WHAT THE TASK REQUIRES: The answer must consist solely of the lines from the line with "Fashion Saffiano PU" to the end of the data below, transcribed exactly and with no pictures.

RECORDS SHOWN START

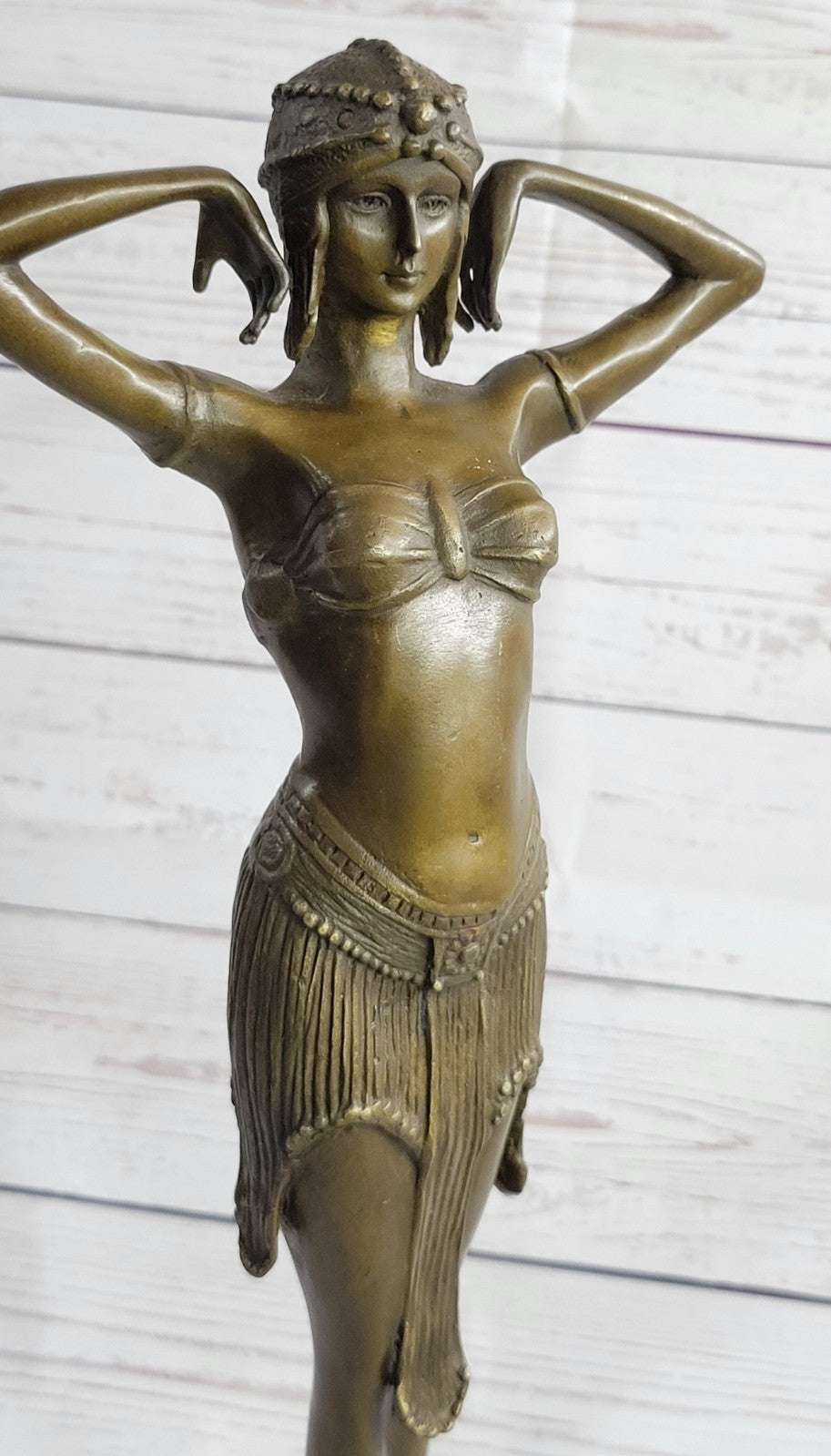 LARGE DIMITRI CHIPARUS DANCER ART DECO BRONZE SCULPTURE MARBLE BASE FIGURINE ART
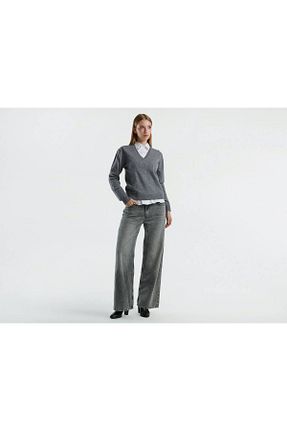 پلیور طوسی زنانه ساده United Colors of Benetton - کد 871625014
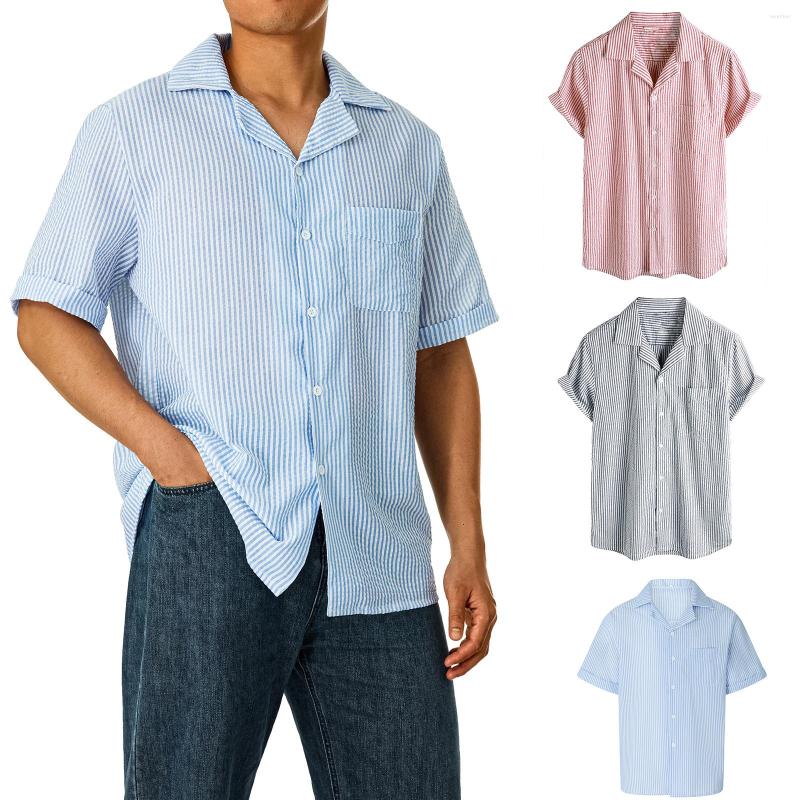 

Men' Casual Shirts Men Fashion Wild Stripe Turn-Down Collar Rolled Hem Short Sleeve Blouses Summer Pocket Beach Holiday Loose Tops, Blue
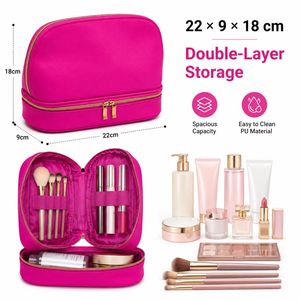 Fashion Saffiano PU Cosmetic <b>Case</b> Large Capacity Double Compartment <b>Makeup</b> Storage Bag for Travel and Home - Product Image 2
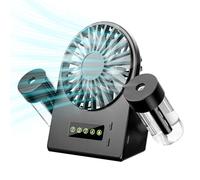 JIZZU Ventilateur de Table Portable avec 2 humidificateurs à pulvérisation | Mini Ventilateur USB avec 4 Vitesses de Vent Réglables, Petit Fan Silencieux avec Affichage LED pour la Maison, Bureau, Noir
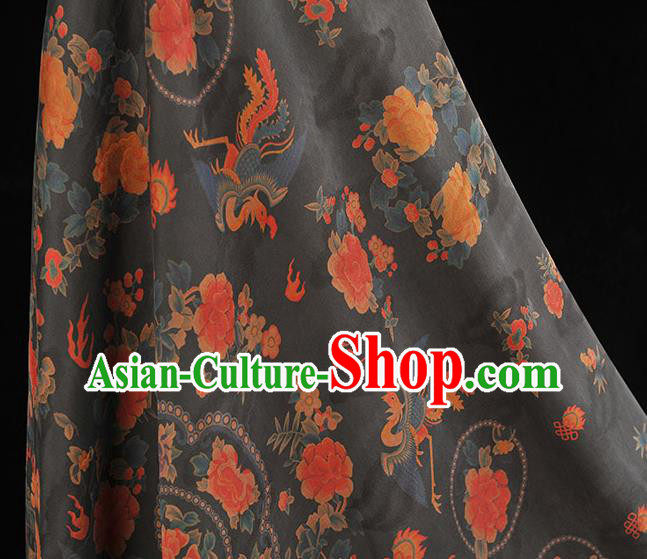 China Classical Cheongsam Black Gambiered Guangdong Gauze Cloth Traditional Peony Phoenix Pattern Silk Fabric
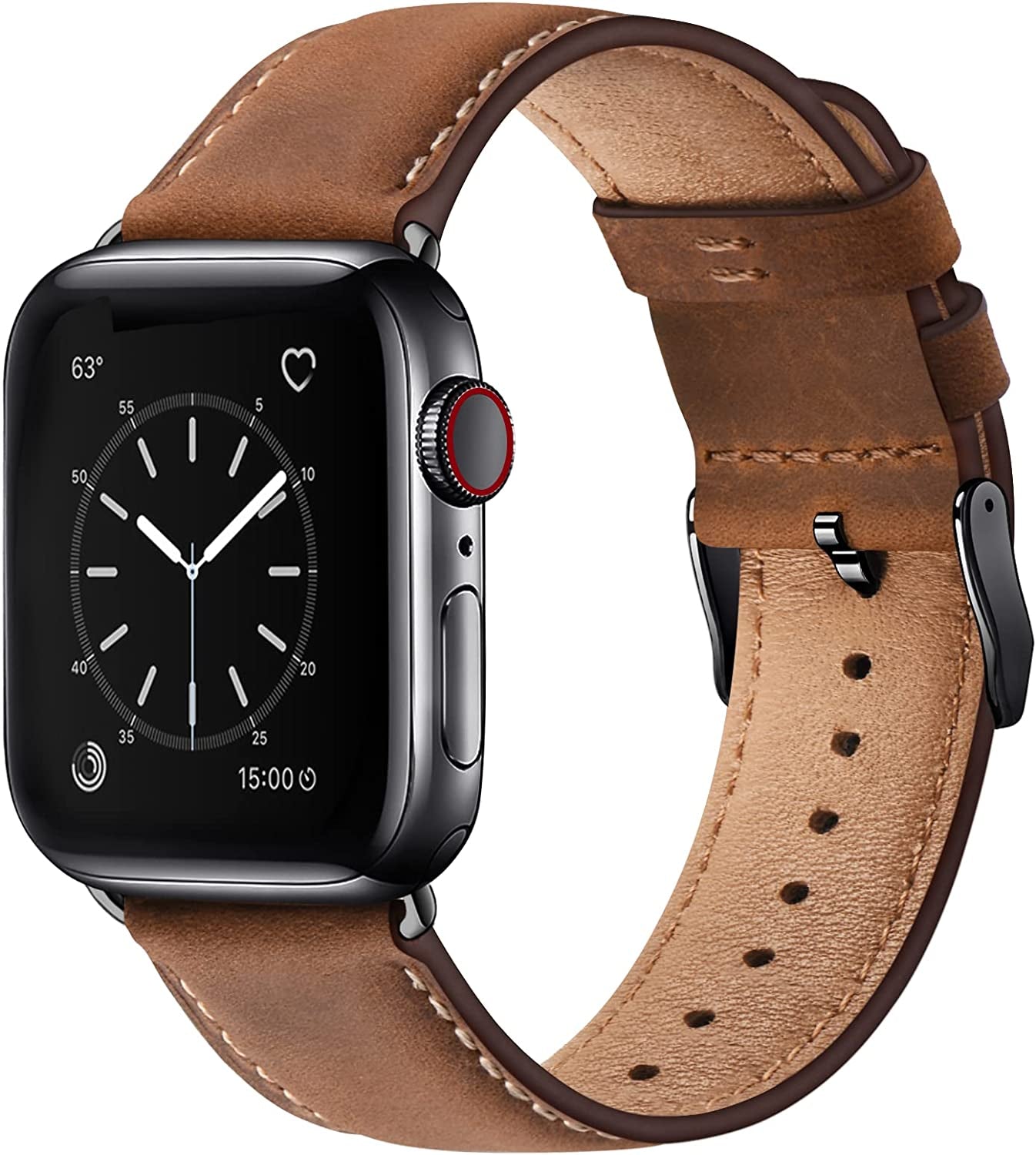 SUNFWR Leather Bands Compatible with Apple Watch Band 49Mm 45Mm 44Mm 42Mm for Men Women, Top Grain Genuine Leather Replacement Strap for Iwatch Ultra SE2 SE Series 8 7 6 5 4 3 2 1  SUNFWR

RECORDS SHOWN END

RESPONSE BOX:
 Fashion Saffiano PU Cosmetic <b>Case</b> Large Capacity Double Compartment <b>Makeup</b> Storage Bag for Travel and Home - Product Image 2
 JIZZU Ventilateur de Table Portable avec 2 humidificateurs à pulvérisation | Mini Ventilateur USB avec 4 Vitesses de Vent Réglables, Petit Fan Silencieux avec Affichage LED pour la Maison, Bureau, Noir
 China Classical Cheongsam Black Gambiered Guangdong Gauze Cloth Traditional Peony Phoenix Pattern Silk Fabric
 SUNFWR Leather Bands Compatible with Apple Watch Band 49Mm 45Mm 44Mm 42Mm for Men Women, Top Grain Genuine Leather Replacement Strap for Iwatch Ultra SE2 SE Series 8 7 6 5 4 3 2 1  SUNFWR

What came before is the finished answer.